Como enseña el catecismo de la Iglesia católica, la Confirmación es necesaria para que la gracia del Bautismo alcance su plenitud. A través de la celebración litúrgica, Dios envía su Espíritu Santo sobre los confirmandos, al igual que lo hizo sobre los apóstoles y la Iglesia naciente el día de Pentecostés.
El día de la Confirmación, entonces, es muy importante para quienes la reciben, para su familia, para la comunidad eclesial a la que pertenecen y para la Iglesia toda.
Ahora bien, los sacramentos no son magia, sino que su efecto depende de la fe de quien los recibe, y si bien la fe es un don de Dios, su recepción depende de la libertad del hombre.
En el caso de la Confirmación, Dios envía desde el cielo su Espíritu Santo, pero es la fe del confirmando la que hace posible que ese Espíritu entre en él y obre en él y a través suyo.

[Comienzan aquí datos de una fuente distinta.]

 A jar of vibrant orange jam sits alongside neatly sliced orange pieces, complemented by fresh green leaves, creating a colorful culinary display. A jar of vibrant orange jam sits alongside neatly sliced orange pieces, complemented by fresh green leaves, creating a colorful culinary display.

Por eso, la primera finalidad de la preparación para la Confirmación es llevar a los confirmandos al encuentro con Jesucristo y transmitirles lo que Él nos ha revelado.
De esa manera, podrán hacer el acto de fe que hará posible que el Espíritu Santo actúe eficazmente en ellos, los haga partícipes de la vida divina y, en consecuencia, los transforme en fieles discípulos y misioneros de Cristo, testigos en carne propia de la victoria de Jesucristo sobre el pecado y la muerte.
Desde que en Arequipa hemos mejorado, en su forma y contenido, el proceso de preparación para la Confirmación, veo que, en general, los adolescentes se sienten más atraídos por la belleza de ser cristianos y llegan a la celebración del sacramento con bastante entusiasmo e ilusión.
Comienza así una nueva etapa en su vida, en la que el acompañamiento de los padres y los padrinos es fundamental. Los padres deben ser instrumentos de Dios para la maduración y el desarrollo de la fe en sus hijos; en primer lugar, con su propio testimonio de una vida de oración y confianza en el Señor, pero al mismo tiempo rezando y yendo con ellos a misa, y animándolos a participar en algún grupo parroquial o movimiento eclesial.
A los padrinos, por su parte, les corresponde ayudar a sus ahijados a vivir una vida cristiana y dejarse guiar por el Espíritu Santo, que han recibido. Si lo hacen así, tendrán la alegría de constatar que, poco a poco, sus hijos y ahijados comenzarán a experimentar la vida eterna en este mundo.